Recoleta Item Note

Agentic Code Reasoning

This paper studies the ability to understand program semantics without executing code, relying only on an agent exploring and reasoning over a codebase, and proposes semi-formal reasoning as a structured evidence…

agentic-reasoningcode-intelligencepatch-verificationfault-localizationstatic-code-analysis

This paper studies the ability to understand program semantics without executing code, relying only on an agent exploring and reasoning over a codebase, and proposes semi-formal reasoning as a structured evidence template. The method outperforms conventional unstructured agent reasoning on three tasks: patch equivalence verification, fault localization, and code question answering.

  • The paper aims to solve the following: Can LLM agents reliably analyze code semantics, determine whether patches are equivalent, localize faults, and answer code-understanding questions without running the code?
  • This matters because executing code in real repositories is often expensive, dependency-heavy, and hard to scale; if high-quality semantic judgments can be made statically, they could be used for RL reward signals, code review, static analysis, and defect investigation.
  • Existing unstructured reasoning tends to “guess the answer” or skip steps, while fully formal verification requires building strict semantics for real repositories and multi-language frameworks, which is too costly in practice.
  • The core method is semi-formal reasoning: rather than letting the model think in a free-form, scattered way, it is required to follow a fixed template and write out premises, code-path tracing, itemized evidence, and formal conclusions, like submitting a “reasoning proof sheet.”
  • This template is designed as a certificate: if the agent has not first found code-based evidence or has not covered key tests/paths, it becomes difficult to jump directly to a conclusion, thereby reducing unsupported assertions.
  • The method is a general mechanism at the prompt-engineering level, not a specially trained model, nor does it translate code into fully formal systems like Lean or Coq; therefore it is easier to transfer across tasks such as patch equivalence, fault localization, and code QA.
  • In the agent setting, the model can use tools to browse the repository, follow call chains, inspect tests and related files, but cannot execute repository code or tests; it relies mainly on static-analysis-style code exploration and reasoning.
  • Patch equivalence verification (170 carefully constructed samples): Opus-4.5 improves from 78.2% under standard reasoning to 88.8% under semi-formal reasoning, a gain of 10.6 percentage points; among these, accuracy on non-equivalent samples improves from 78.6% → 82.9%, and on equivalent samples from 78.0% → 93.0%. The tradeoff is that the average number of steps increases from 10.08 → 28.17 (about 2.8x).
  • Verification of real agent-generated patches (200 samples, including test specifications): the best result is Opus-4.5 + agentic semi-formal, with 93.0% accuracy; compared with difflib 73%, single-shot 86.0%, single-shot + file context 87.5%, and agentic standard 87.0%. Sonnet-4.5 also reaches 91.5% under the same setting.
  • Code question answering (RubberDuckBench): the abstract states that semi-formal reasoning reaches 87% accuracy, a gain of 9 percentage points over standard agentic reasoning; the contributions section also reports gains of 10.8 percentage points over single-shot 76%, and 8.7 percentage points over standard agentic.
  • Fault localization (Defects4J, smaller-scale 43 evaluable bugs): with Opus-4.5 in agentic mode, Top-5 (All) improves from 60.5% to 72.1%, a gain of 11.6 percentage points; Top-5 (Any) improves from 81.4% to 88.4%, a gain of 7.0 percentage points.

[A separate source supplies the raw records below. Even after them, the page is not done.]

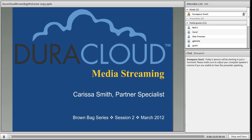Hello and welcome everyone to the second session of the DuraCloud Brown Bag series. My name is Carissa Smith and I am the Partner Specialist primarily working on the DuraCloud project, which is both a managed service offering and an open source technology offered by the DuraSpace organization. To find out more about either DuraCloud or DuraSpace, I encourage you to visit their respective websites at duracloud.org and duraspace.org.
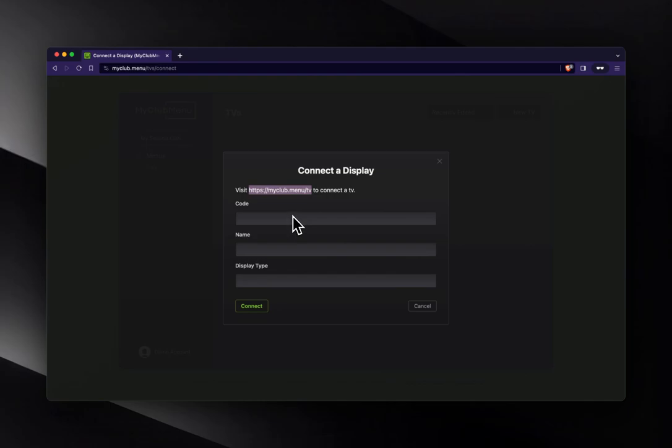In your TV, you're going to go to this URL, myclub.menu.tv, and you'll get a unique code.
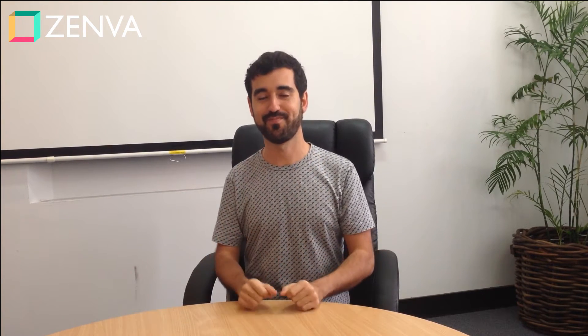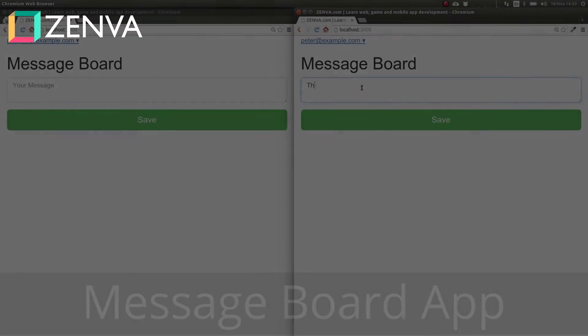As is usual in all of my courses — and that's something that comes from having taught so many students — the course is highly practical. We do a bunch of different projects. So let's take a quick look at what projects are included in this course.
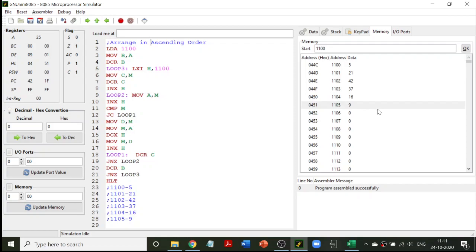For this we need two loops: the first loop identifies the first operand to be compared, and the second loop identifies the second operand. We use the compare command to compare A[i] and A[j]. Let's see how it is implemented.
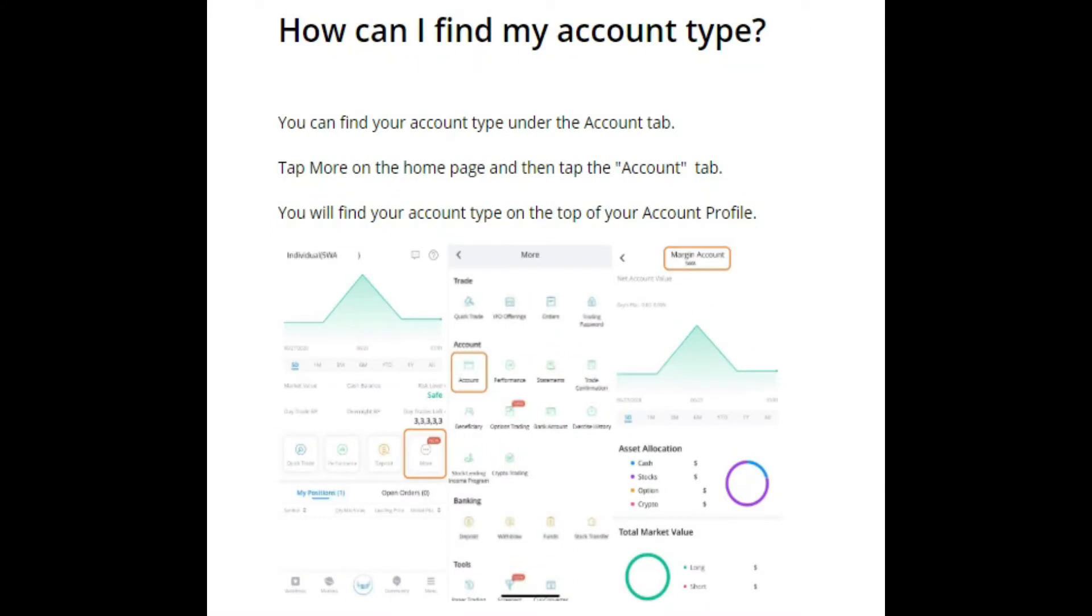What's going on guys, welcome back to the channel. In today's video we are going to do a quick tutorial on how to locate your account type on the Webull mobile app. So we've talked about this on the channel.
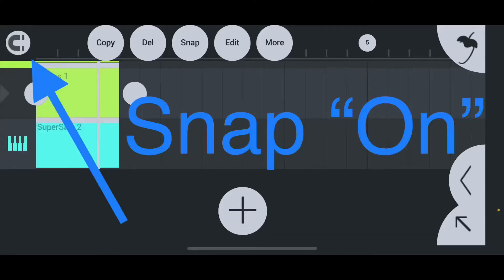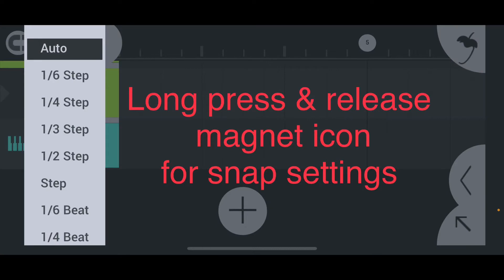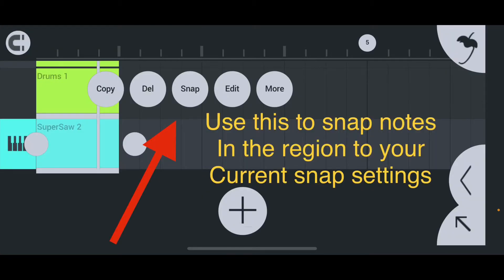To access your snap settings, go to the magnet emblem in the upper left-hand corner of the screen. A quick tap will turn snap on or off. A long press will bring up the full menu with all your different snap options. You can also do a quick tap on a region you want to quantize and select snap from the menu.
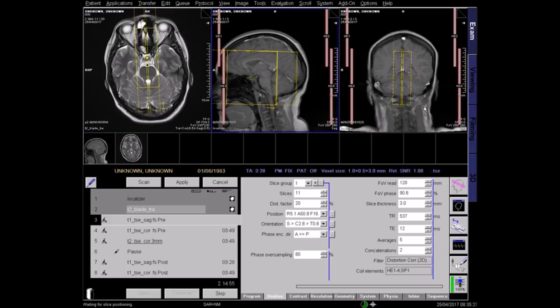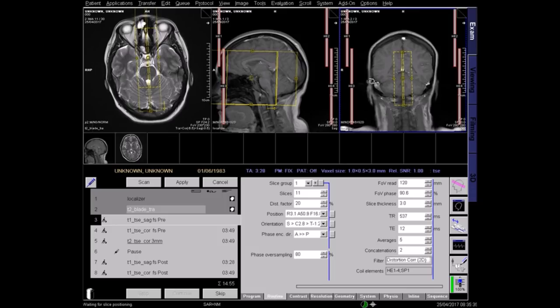In the coronal view, the block should be angled along the midline of the brain. Now apply.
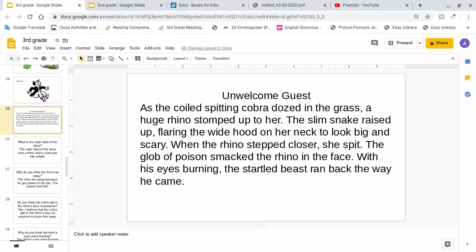Today I want to talk about the story about the unwelcome guest. The other day I showed you how to fold a piece of paper into beginning, middle, and end. Now I wanted to show you what I drew, the answers to the questions, and then something really cool and epic.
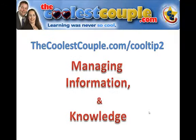You've been watching Pat and Lorna from thecoolestcouple.com, and today we talked about managing information and knowledge. You can find this cool tip at thecoolestcouple.com/cooltip2.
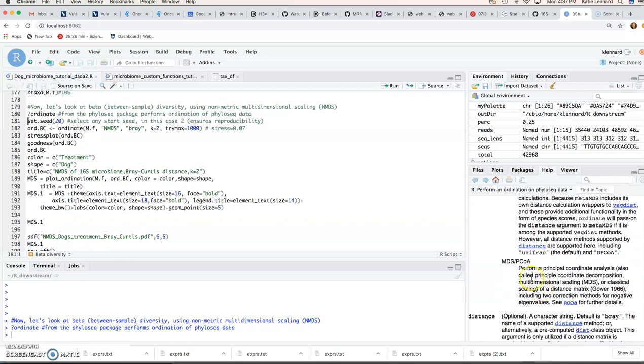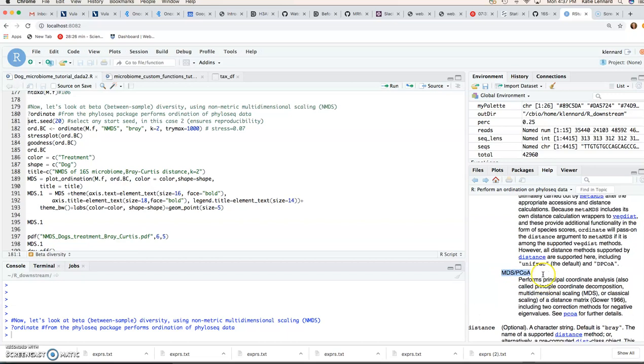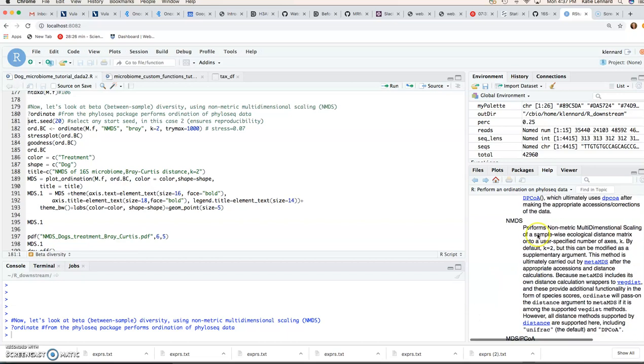If you scroll here, you'll see you can specify either, but it gives you the same result. But in this case, we're going to focus on the non-metric multidimensional scaling.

Under single-shot, Top-5 (All) goes from 55.6% → 63.9%.
  • Fault localization (larger-scale 90 evaluable bugs): the paper claims that semi-formal reasoning with Opus-4.5 further improves Top-5 (All) by about 5 percentage points over the standard mode; in the truncated table provided, the standard value is 43.3%, but the full semi-formal value is not completely visible in the excerpt.
  • The paper’s strongest conclusion is: through structured agentic reasoning, LLMs can perform meaningful semantic-level code analysis without executing code, approaching the reliability threshold needed for execution-free / low-execution-dependence verification and RL feedback.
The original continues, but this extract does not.